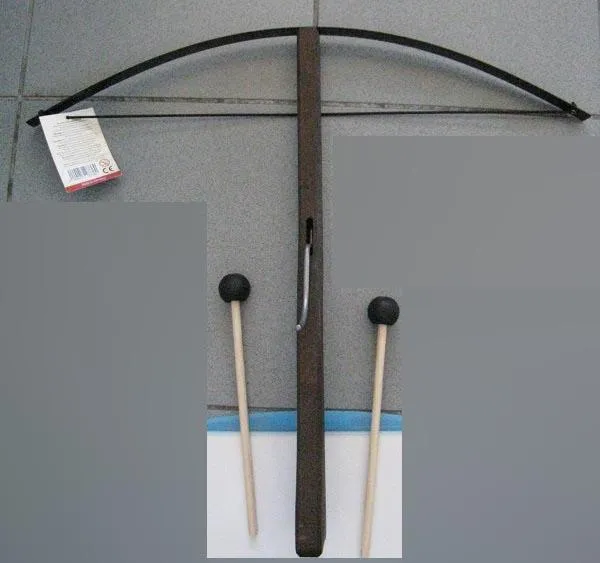 Crossbow and arrows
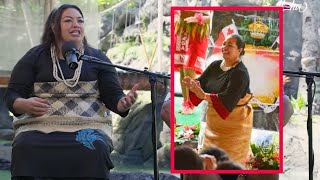 Telesia Tonga Iam Tongis aunty of the Polynesian Cultural Center shares her story [upl. by Hessler13]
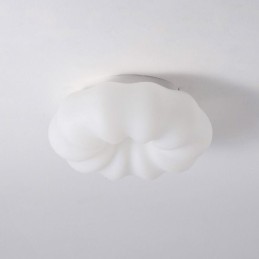 Plafonnier créatif en forme de citrouille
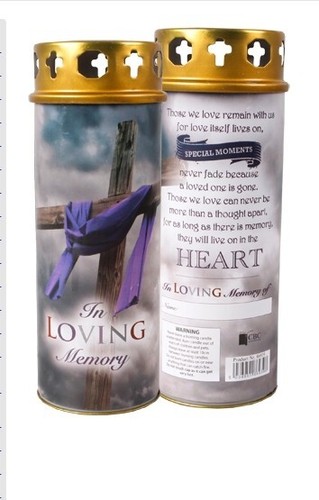 New loving memory christian - new,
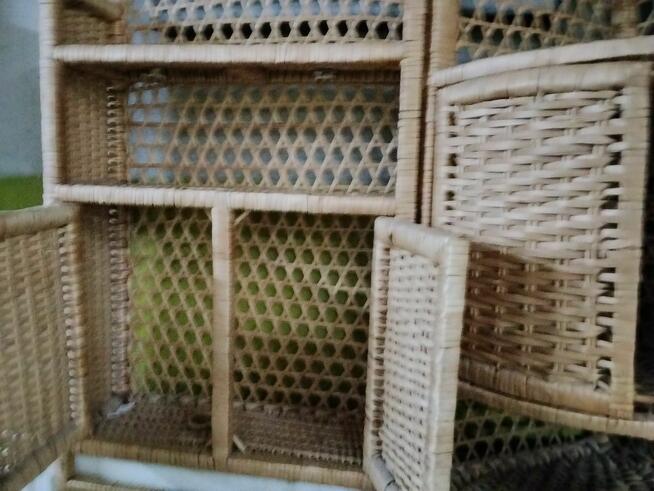 Szafki Ratanowe do łazienki itp.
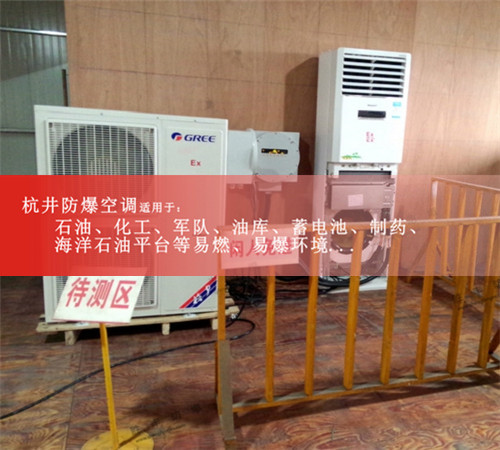 8p卷煙廠(chǎng)變頻防爆空調圖片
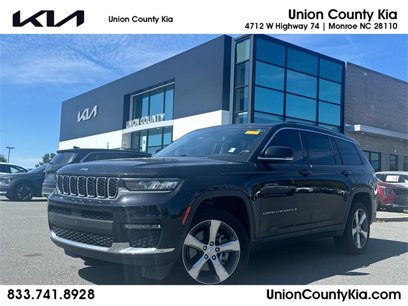 Used 2021 Jeep Grand Cherokee L Limited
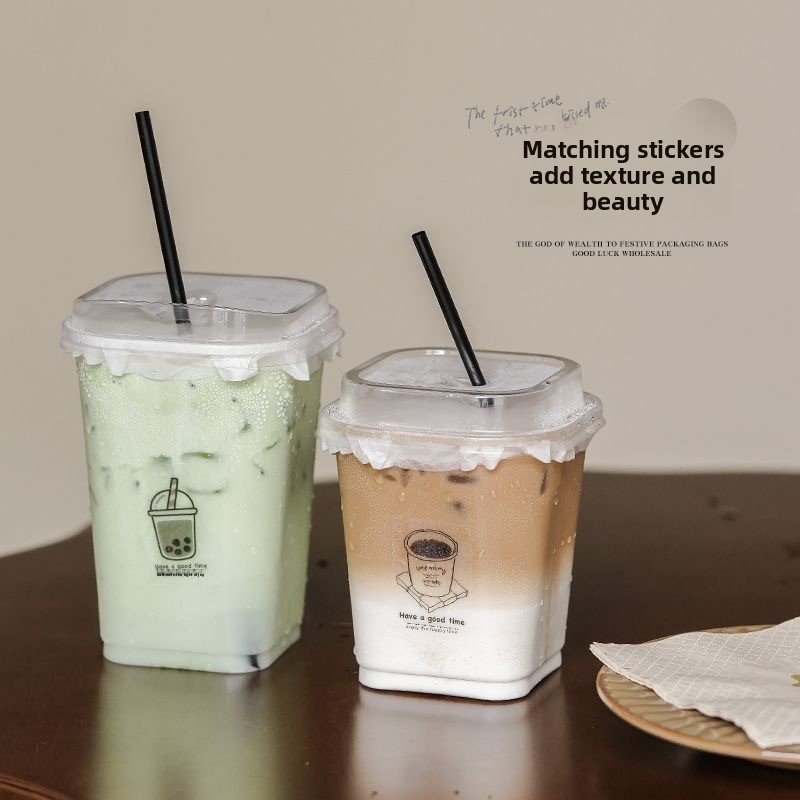Disposable Square Cup Details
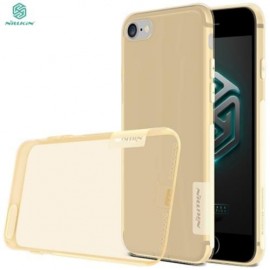 NILLKIN NATURAL SERIES ULTRA SLIM SOFT TRANSPARENT TPU CASE FOR IPHONE 7 (YELLOW)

○ ○ ○ ○ ○ ○ ○

WHAT IS NEEDED → Could every entry be restated word for word, pictures excluded?

RESPONSE →
 Crossbow and arrows
 Telesia Tonga Iam Tongis aunty of the Polynesian Cultural Center shares her story [upl. by Hessler13]
 Plafonnier créatif en forme de citrouille
 New loving memory christian - new,
 Szafki Ratanowe do łazienki itp.
 8p卷煙廠(chǎng)變頻防爆空調圖片
 Used 2021 Jeep Grand Cherokee L Limited
Disposable Square Cup Details
 NILLKIN NATURAL SERIES ULTRA SLIM SOFT TRANSPARENT TPU CASE FOR IPHONE 7 (YELLOW)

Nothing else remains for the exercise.